*** Block opens ***

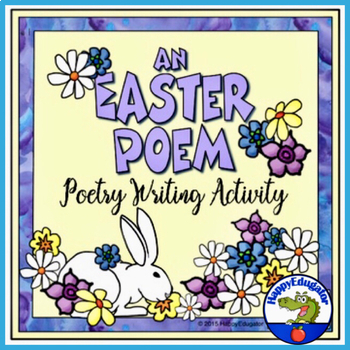 Preview of Easter Acrostic Poem Writing with Easel Activity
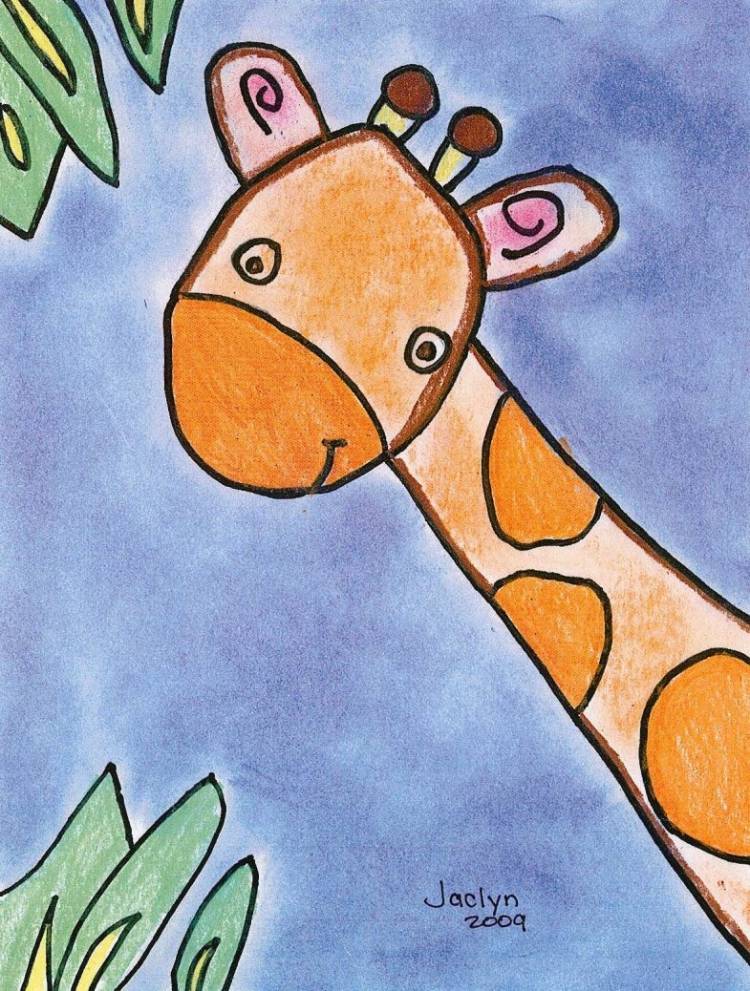 Жирафик детский рисунок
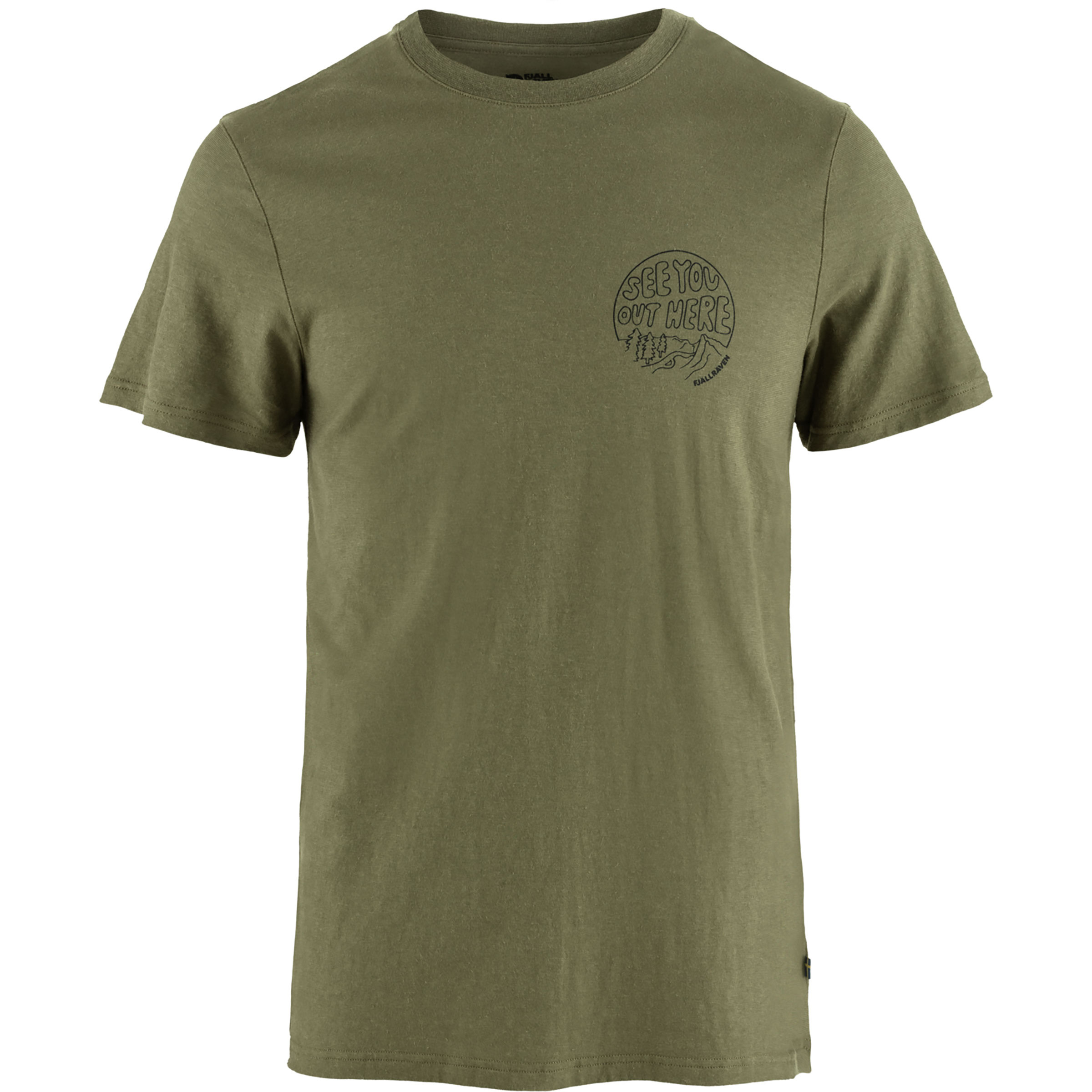 Fjällräven Hemp Blend Out Here Herren T-Shirts gruen Größe S Trekking Hautfreundlich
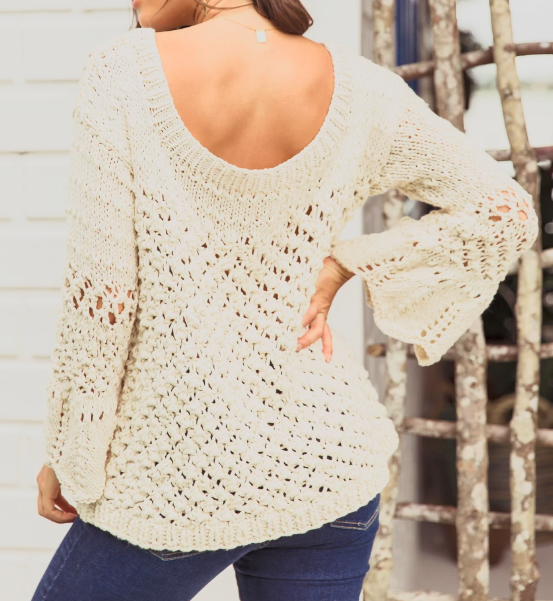 Beautiful Beige Crochet Top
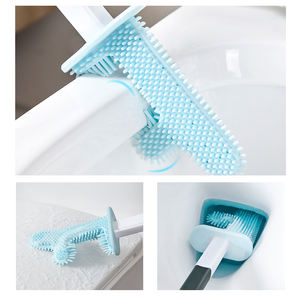 <span class=keywords><strong>Brosse</strong></span> de <span class=keywords><strong>toilette</strong></span> en forme de <span class=keywords><strong>cactus</strong></span> GU, en plastique et silicone, pour le nettoyage de la salle de bain, sans angle mort, avec support - Product Image 5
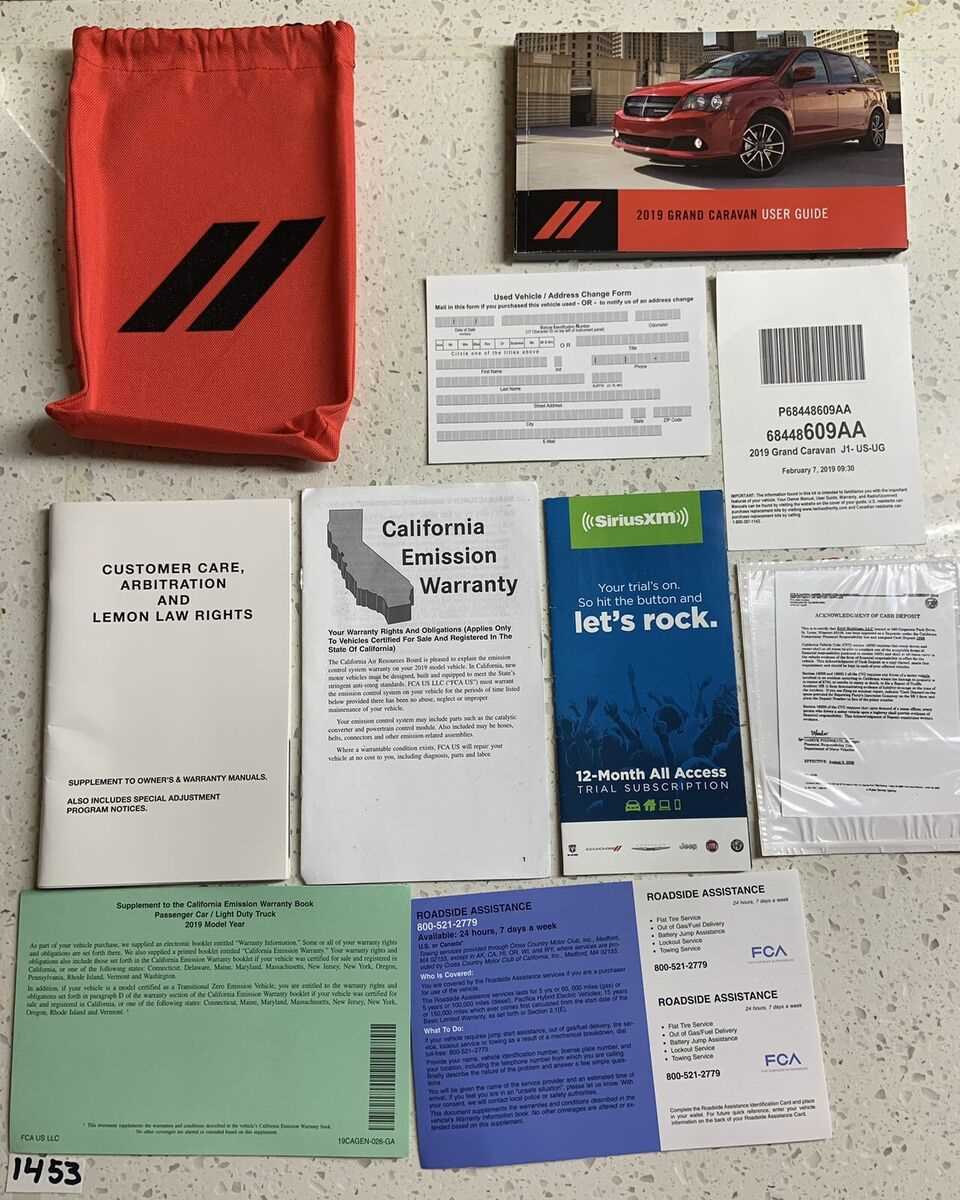 dodge grand caravan owners manual 2019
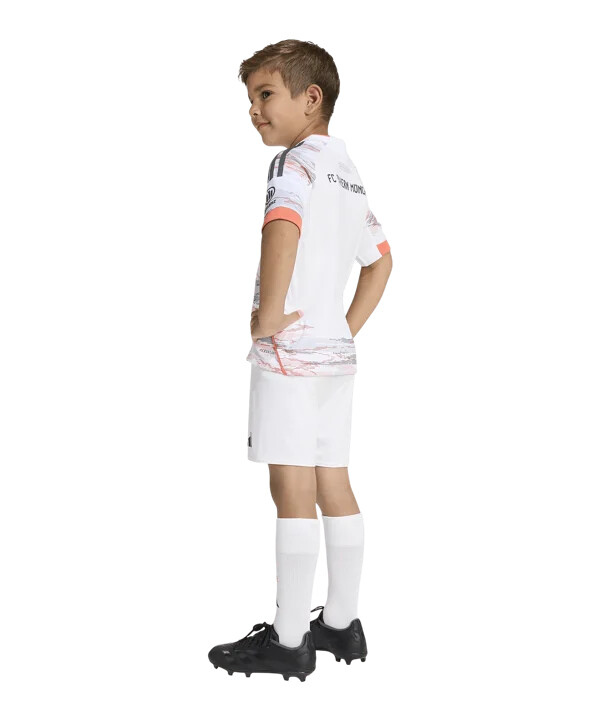 adidas fc bayern münchen minitröja bortatröja 202526 barn vit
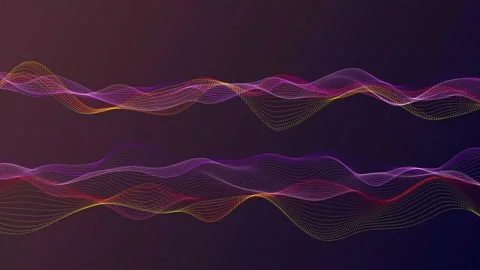 Technology digital particle line wave background. vd 12 Stock Footage 205987810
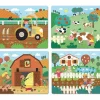 Vilac - 4 Farm Evolution Puzzles
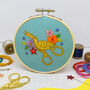 'Stork' Mini Embroidery Kit, thumbnail 3 of 3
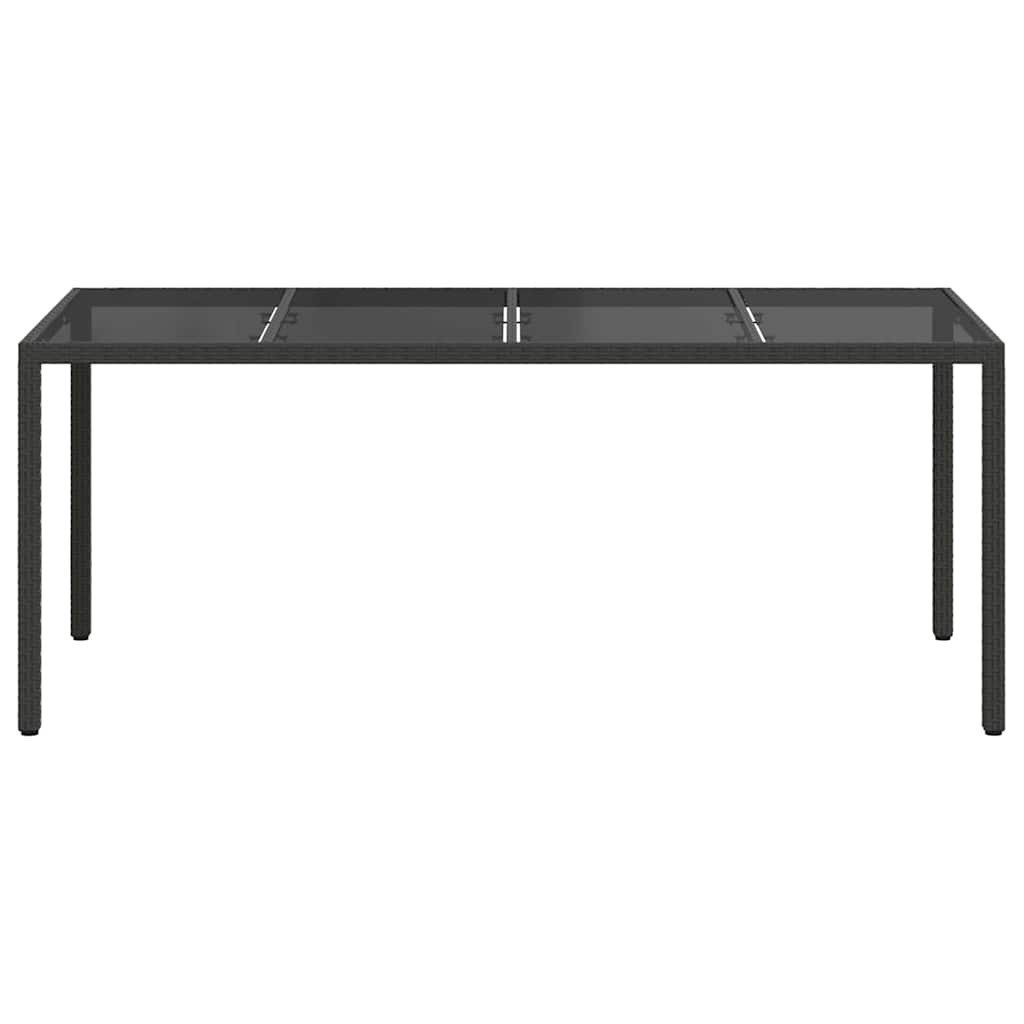vidaXL Gartentisch Gartentisch Schwarz Poly-Rattan (1-St)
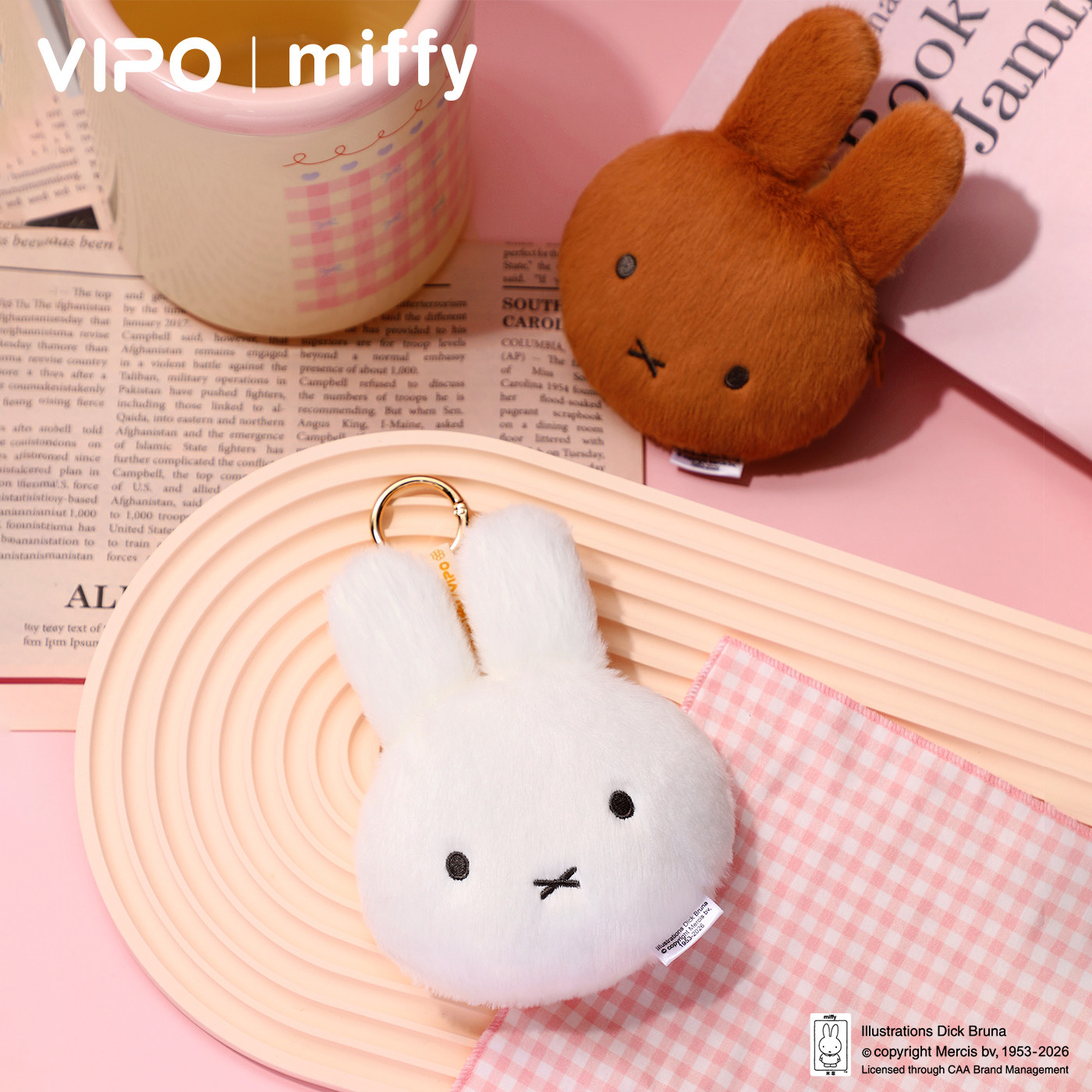 Vipo Miffy Cute Rabbit Coin Pu - Airtag Holder Case 评论和价格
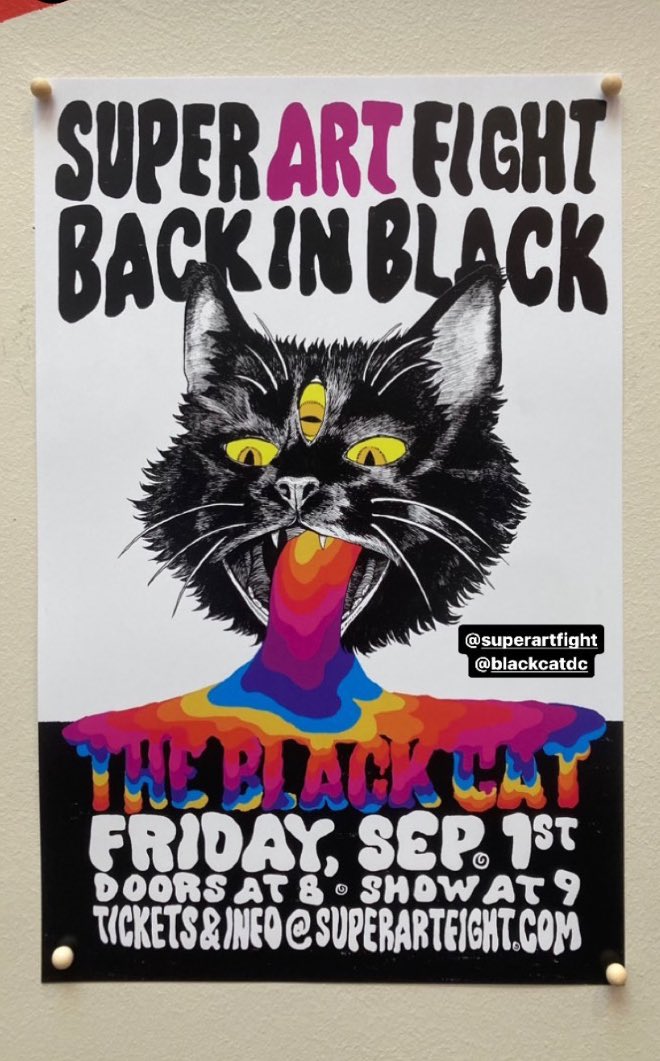 SuperArtFight's tweet photo. THE WORK NEVER STOPS!

Otakon may be over, but our Black Cat show is sooner than you think!

And what better place to kick things off than Fantom Comics!

Thank you for always showing Super Art Fight some love 🫶

Keep an eye out for more 🐈‍⬛👀

#SAFBlackCat #FantomComics https://t.co/gVgr03lla4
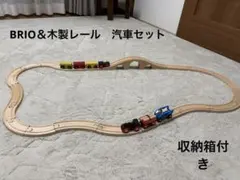 BRIO 木製レール＆汽車　完売品シマウマとワゴン付き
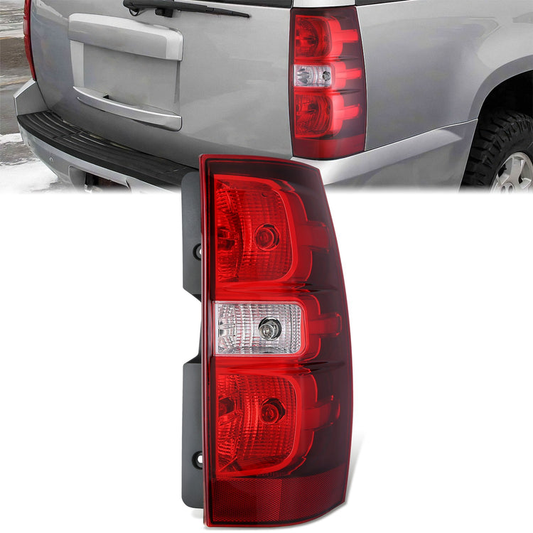 FAROS TRASEROS OE STYLE - CHEVROLET SUBURBAN 1500 2007-2014 / CHEVROLET SUBURBAN 2500 2007-2013 / CHEVROLET TAHOE 2007-2014 - 7441 REVERSE / 3057 TURN SIGNAL / 3057 TAIL LIGHT - CHROME HOUSING - RIGHT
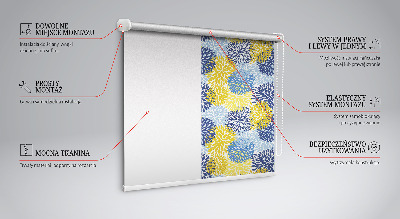 Modern roller blind Painted plants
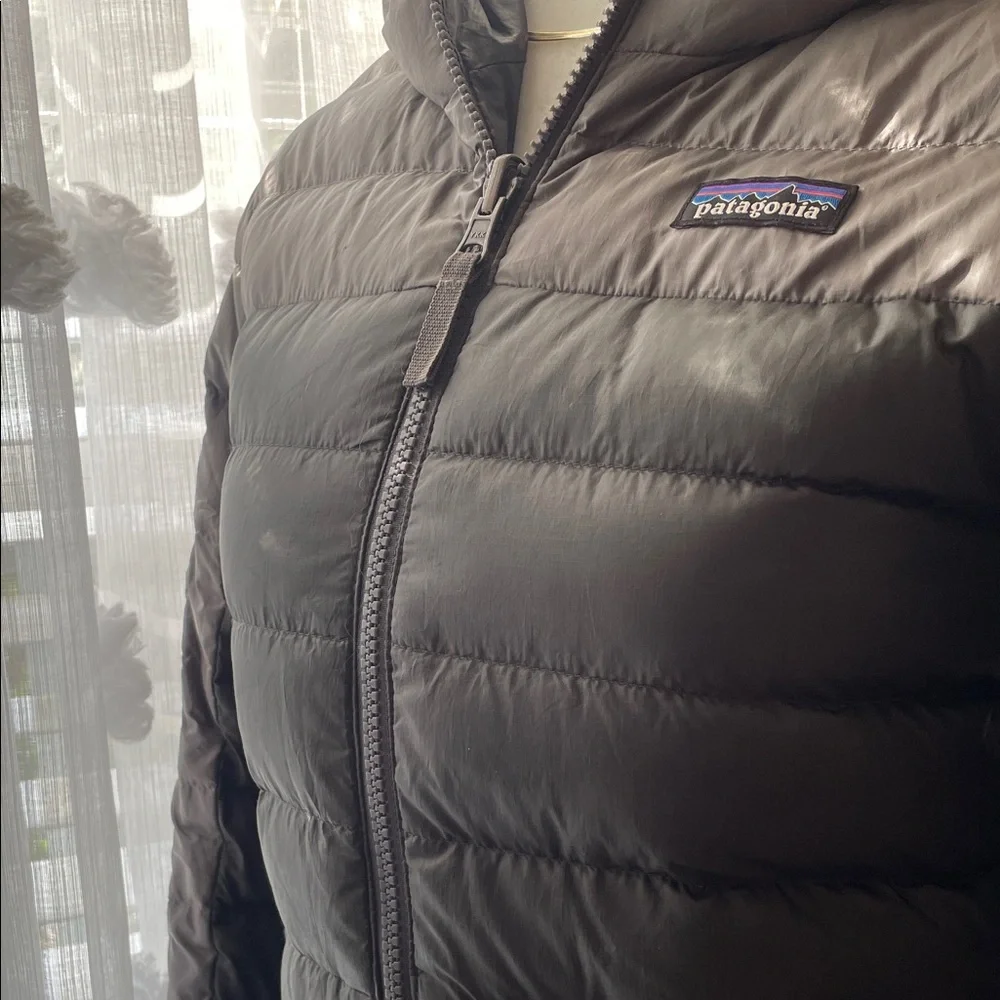 Patagonia Dark Gray Hooded Jacket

*** Block closes ***

• Exercise description:
Transcribe exactly, and only, the lines from the line with "adidas fc bayern" through the last line of the records, inclusive; the pictures do not belong in the copy.

• Result of the task:
 adidas fc bayern münchen minitröja bortatröja 202526 barn vit
 Technology digital particle line wave background. vd 12 Stock Footage 205987810
 Vilac - 4 Farm Evolution Puzzles
 'Stork' Mini Embroidery Kit, thumbnail 3 of 3
vidaXL Gartentisch Gartentisch Schwarz Poly-Rattan (1-St)
 Vipo Miffy Cute Rabbit Coin Pu - Airtag Holder Case 评论和价格
 SuperArtFight's tweet photo. THE WORK NEVER STOPS!

Otakon may be over, but our Black Cat show is sooner than you think!

And what better place to kick things off than Fantom Comics!

Thank you for always showing Super Art Fight some love 🫶

Keep an eye out for more 🐈‍⬛👀

#SAFBlackCat #FantomComics https://t.co/gVgr03lla4
 BRIO 木製レール＆汽車　完売品シマウマとワゴン付き
 FAROS TRASEROS OE STYLE - CHEVROLET SUBURBAN 1500 2007-2014 / CHEVROLET SUBURBAN 2500 2007-2013 / CHEVROLET TAHOE 2007-2014 - 7441 REVERSE / 3057 TURN SIGNAL / 3057 TAIL LIGHT - CHROME HOUSING - RIGHT
 Modern roller blind Painted plants
 Patagonia Dark Gray Hooded Jacket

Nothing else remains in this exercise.